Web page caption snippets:

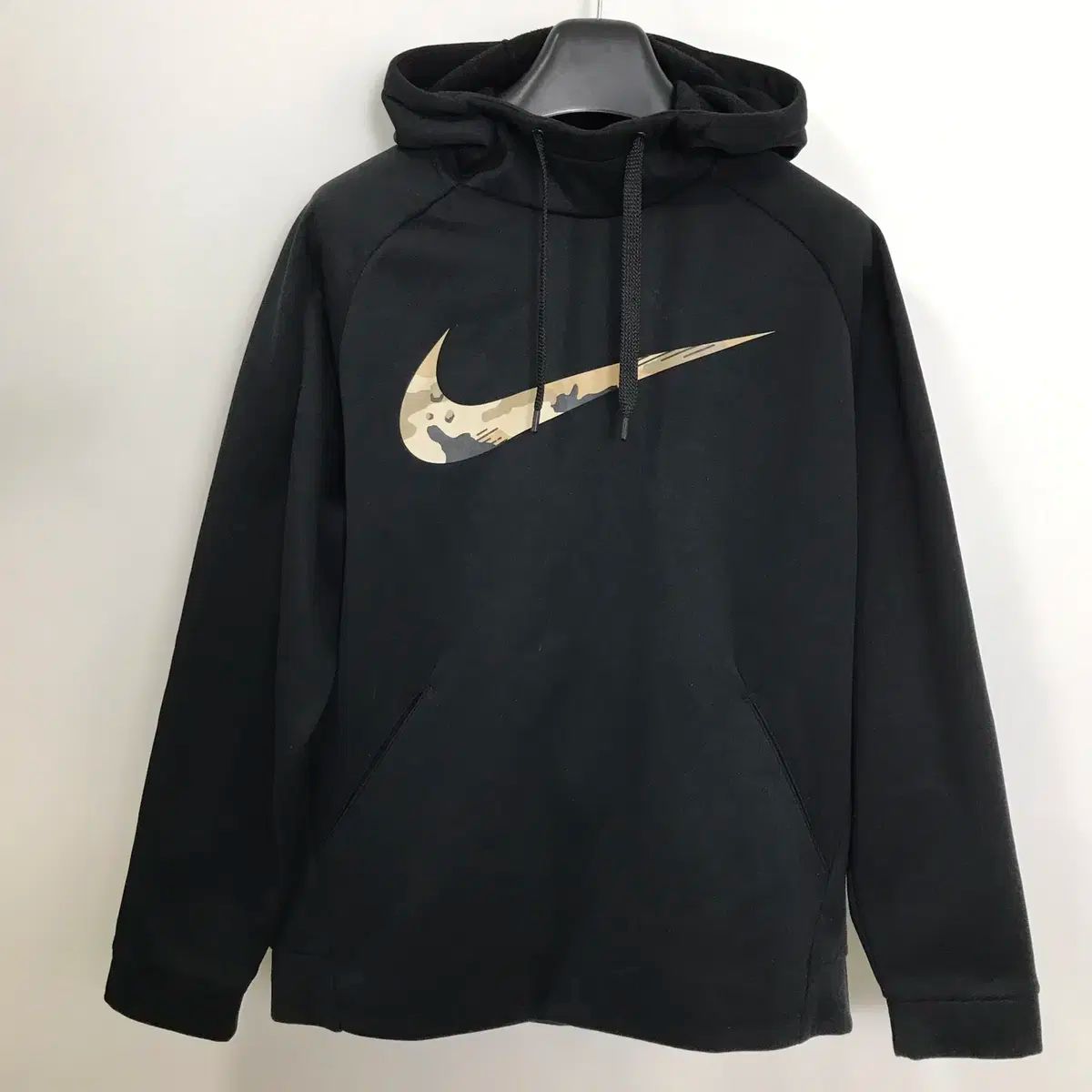 Nike(ナイキ） カモフラ サーマフィット フード付きTシャツ XL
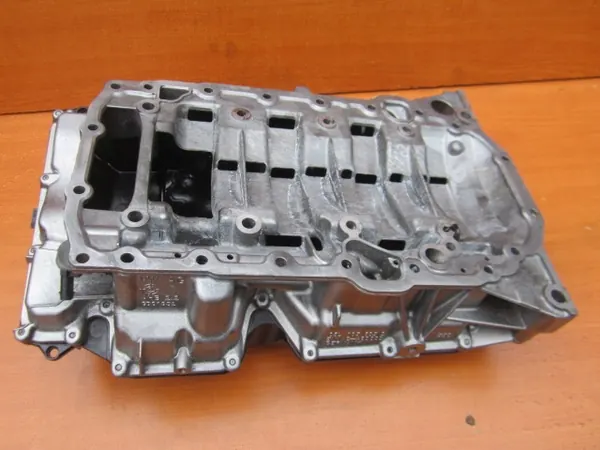 Oljetank med sensor för Audi A6 C8 A4 B9 A5 Q5 II 2.0 TDI image 3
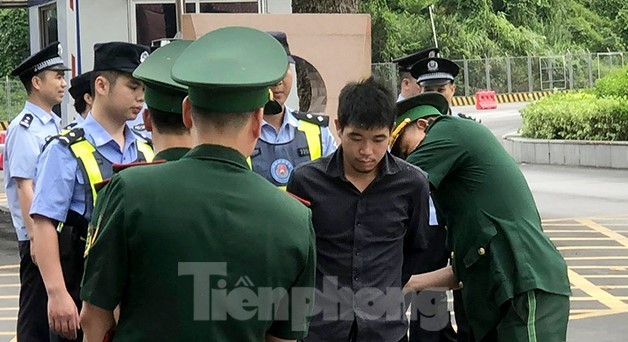 Bắt giữ đối tượng giết bố đẻ rồi trốn ra nước ngoài ảnh 1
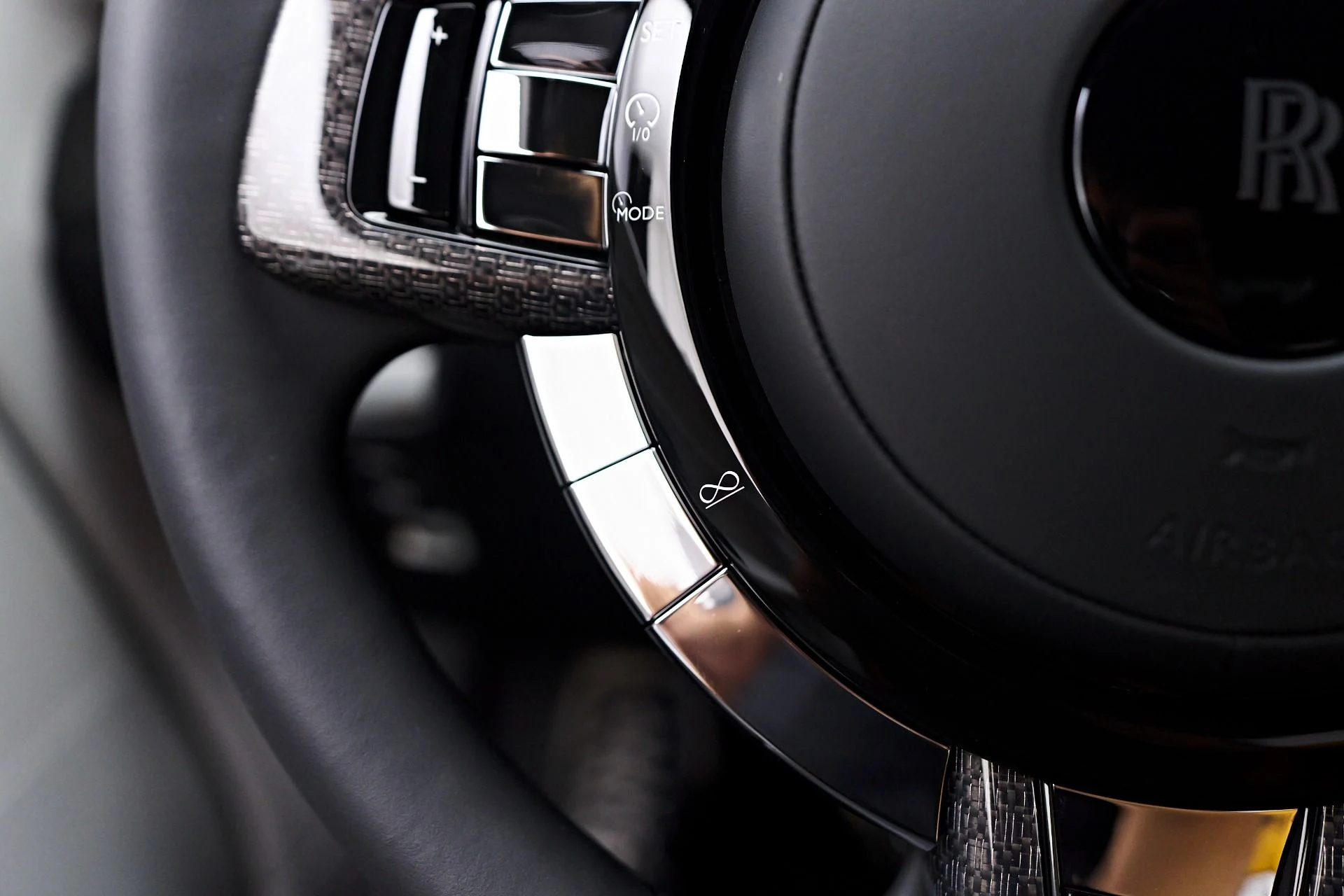 mph067_2145318781_Used_2025_Rolls_Royce_Spectre_Base_1753213338_3be11ecf0b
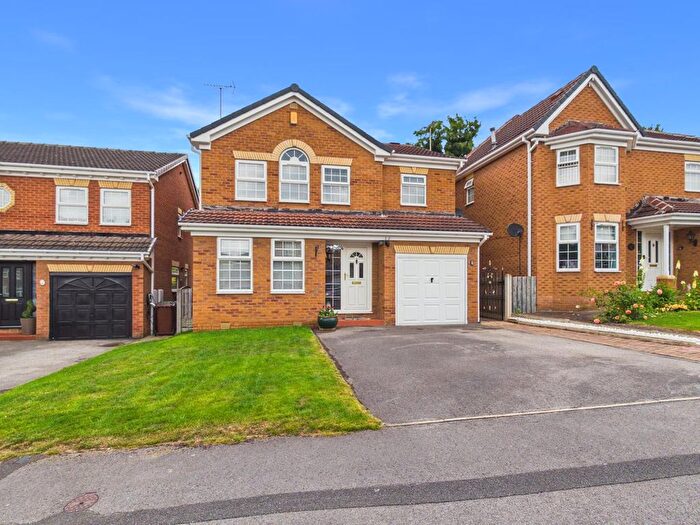 4 Bedroom Detached House For Sale In Dandy Mill View, Pontefract, WF8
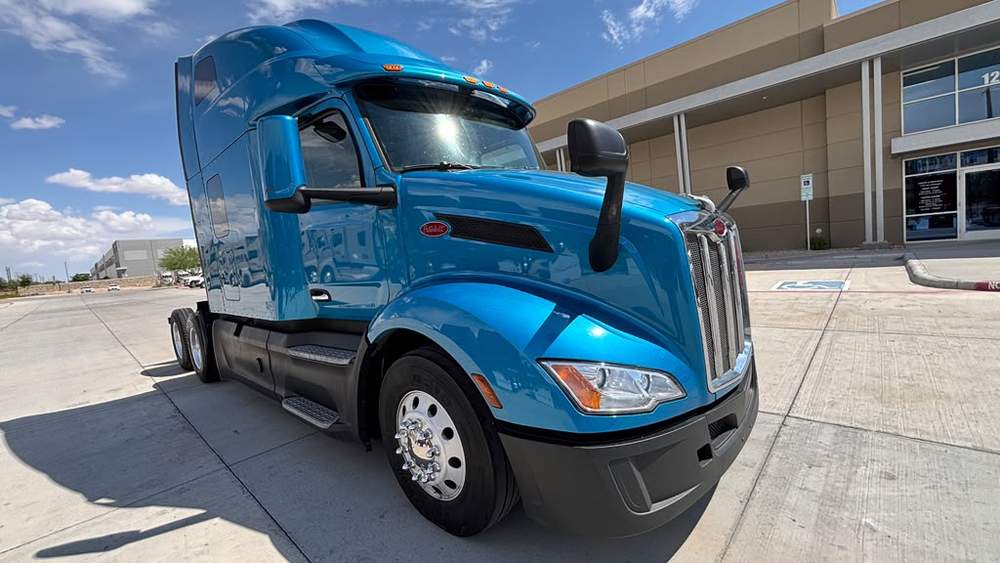 Used 2022 Peterbilt 579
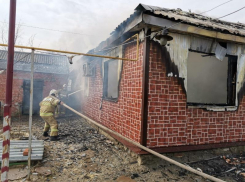 На улице Чапаева в Морозовске сгорел частный жилой дом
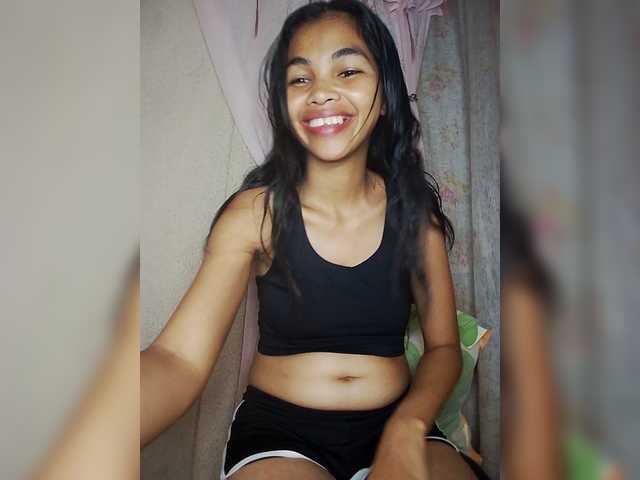 Jijikwella's BongaCams show and profile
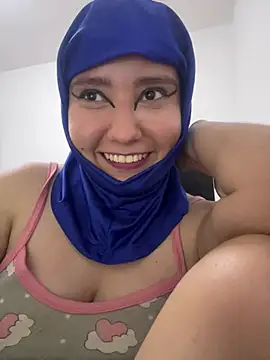 Snapshot of hannahayat chatting on April 28, 10:36 pm hannahayat online show from April 28, 10:36 pm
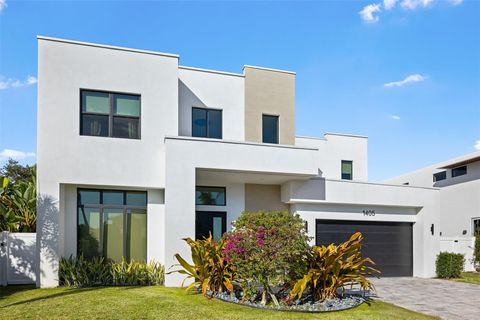 Tiny photo for 1405 NE 4th Avenue, Boca Raton, FL 33432 (MLS # F10551325)
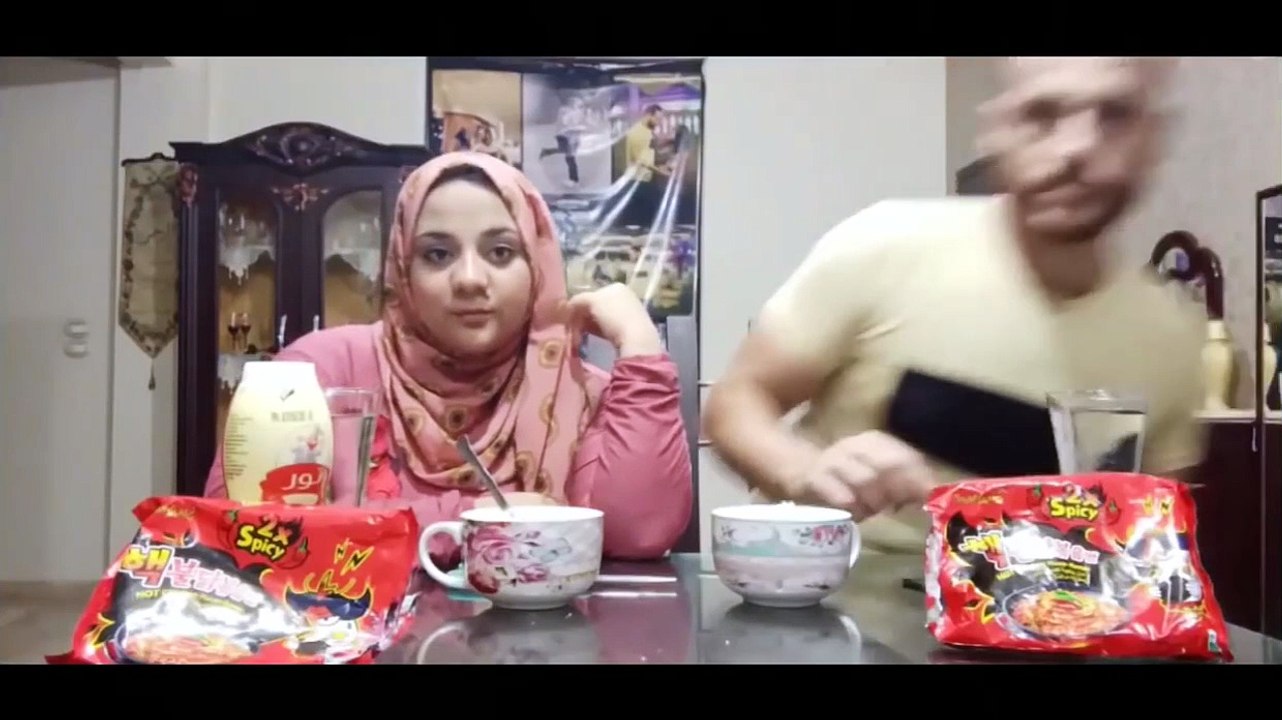 تحدي اكل الاندومي الكوري الحار شطه نار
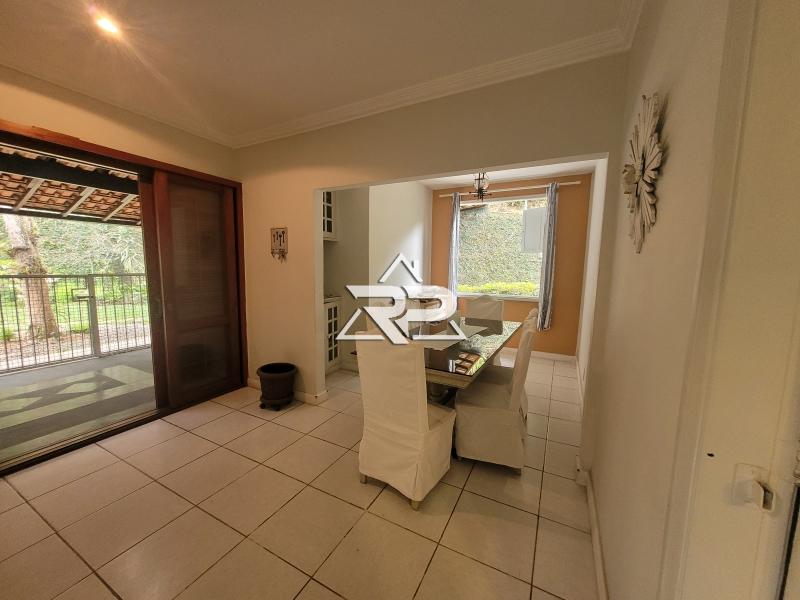 Comprar Casa em Pedro do Rio, Petrópolis/RJ - Renata Pereira Corretora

Exercise description: Please output every record above exactly as written, leaving out the pictures.

Output for this task:
 Nike(ナイキ） カモフラ サーマフィット フード付きTシャツ XL
 Oljetank med sensor för Audi A6 C8 A4 B9 A5 Q5 II 2.0 TDI image 3
 Bắt giữ đối tượng giết bố đẻ rồi trốn ra nước ngoài ảnh 1
 mph067_2145318781_Used_2025_Rolls_Royce_Spectre_Base_1753213338_3be11ecf0b
 4 Bedroom Detached House For Sale In Dandy Mill View, Pontefract, WF8
 Used 2022 Peterbilt 579
 На улице Чапаева в Морозовске сгорел частный жилой дом
 Jijikwella's BongaCams show and profile
 Snapshot of hannahayat chatting on April 28, 10:36 pm hannahayat online show from April 28, 10:36 pm
 Tiny photo for 1405 NE 4th Avenue, Boca Raton, FL 33432 (MLS # F10551325)
 تحدي اكل الاندومي الكوري الحار شطه نار
 Comprar Casa em Pedro do Rio, Petrópolis/RJ - Renata Pereira Corretora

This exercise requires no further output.